Widely considered to be one of the greatest and most influential anthropologists ever, Franz Boas was a German-American scientist, who is also known as the “Father of Modern Anthropology”. He was the first person to implement the scientific method into the study of human cultures and societies.

Born in Minden, Westphalia, Franz Boas showed an early interest in both Nature and natural sciences. He studied at the universities of Heidelberg, Bonn, and Kiel, and finally got his Ph.D. in physics with a minor in geography from the University of Kiel in 1881.
Boas worked in Baffinland, Canada, from 1883 to 1884, while from 1885 to 1886; he conducted field research in several museums on the North Pacific Coast of North America. He was also an important part of a project involving the cultures of Native Americans which lasted almost one year.
Franz Boas was the most important figure in the 20th century North American anthropology. He laid down the four-field structure of the discipline around cultural, physical, linguistic and archaeological disciplines pertaining to the American Indian.
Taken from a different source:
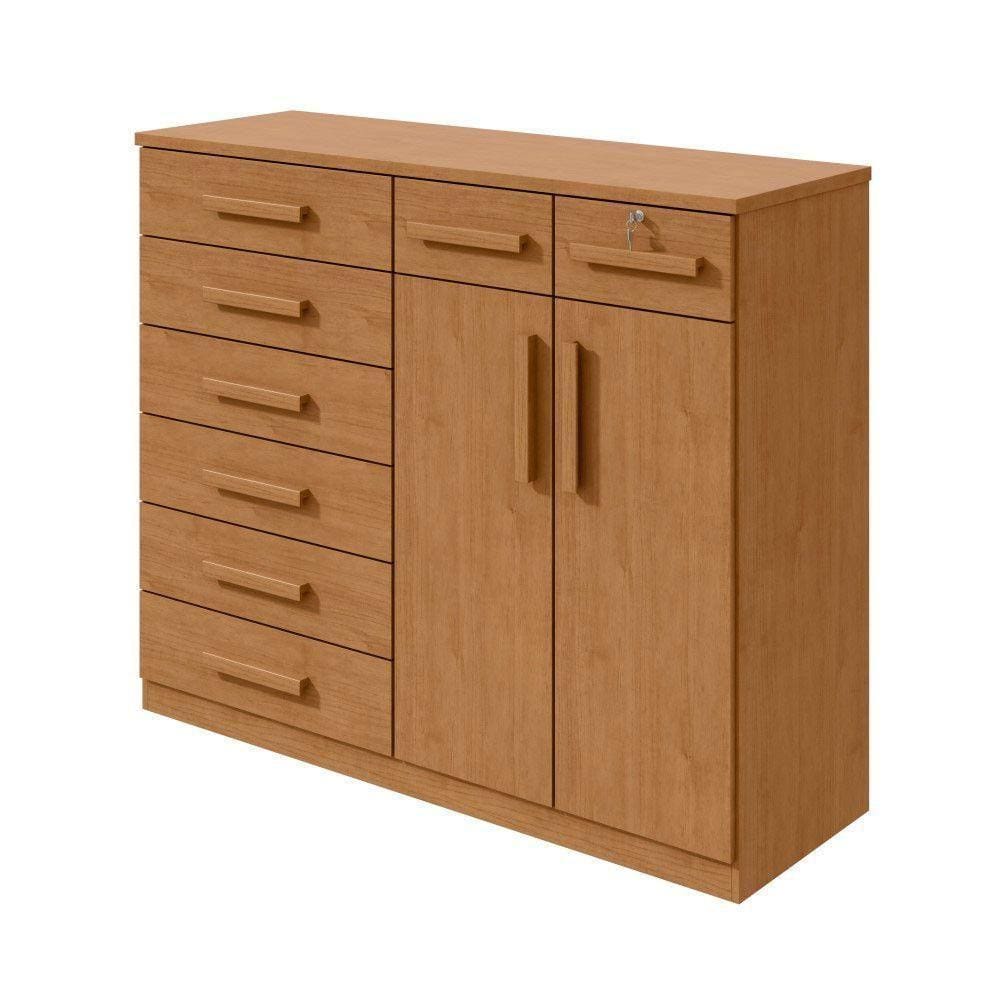 Cômoda Com 8 Gavetas E 2 Portas Estrutura Mdf/mdp Lopas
He also trained many professional anthropologists. Boas made memorable contributions to the changes in immigrant head form undercut eugenics arguments and lessened the significance of anthropometric measures of race.
The archaeological works of Franz Boas were almost cursory. While studying culture, his theoretical contributions dealt with the critique of evolution. He destroyed the rationalist theories of human nature. His historical particularism, his insistency on stringent ethnographic method, and his stress on “the native point of view” were pivotal to the development of modern anthroplogy.
Franz Boas oversaw the Columbia Anthropology Department for more than four decades. Boas died on 21 December, 1942. He was 84 years old.